Data shown →

+===+

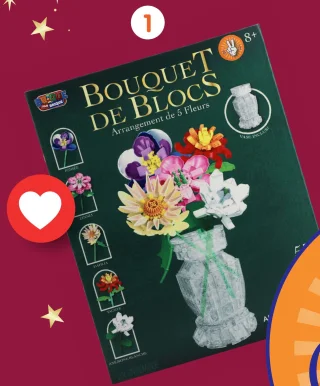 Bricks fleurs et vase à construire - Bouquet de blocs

+===+

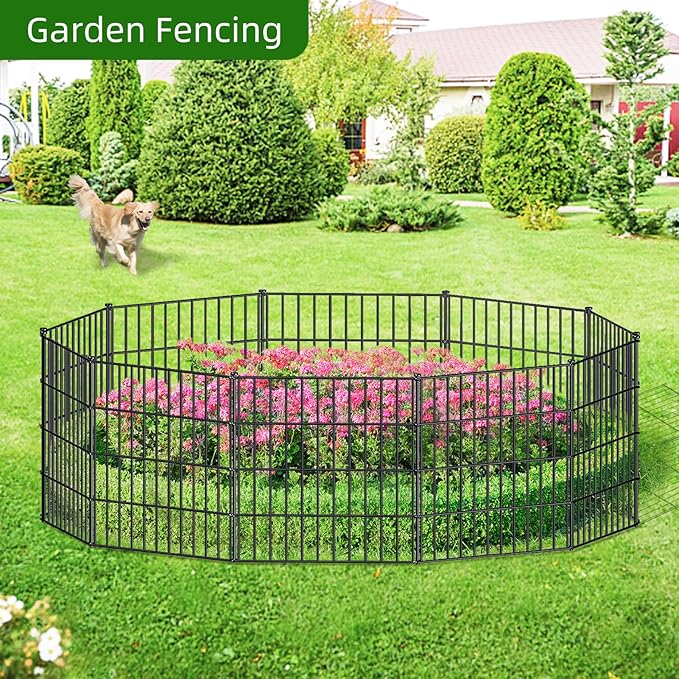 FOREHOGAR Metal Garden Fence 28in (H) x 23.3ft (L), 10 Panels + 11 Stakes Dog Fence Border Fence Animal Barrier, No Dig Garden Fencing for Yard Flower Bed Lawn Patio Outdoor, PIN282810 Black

+===+

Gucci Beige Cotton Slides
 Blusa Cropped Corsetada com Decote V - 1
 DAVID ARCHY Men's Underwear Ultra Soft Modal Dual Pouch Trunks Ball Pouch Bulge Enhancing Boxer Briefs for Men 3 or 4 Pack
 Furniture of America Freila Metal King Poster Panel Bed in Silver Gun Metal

+===+

The task → Beginning with the line holding "Gucci Beige Cotton Slides" and ending with the line holding "Furniture of America", write out the stretch of material above exactly; add no further lines.

Solution to the exercise →
Gucci Beige Cotton Slides
 Blusa Cropped Corsetada com Decote V - 1
 DAVID ARCHY Men's Underwear Ultra Soft Modal Dual Pouch Trunks Ball Pouch Bulge Enhancing Boxer Briefs for Men 3 or 4 Pack
 Furniture of America Freila Metal King Poster Panel Bed in Silver Gun Metal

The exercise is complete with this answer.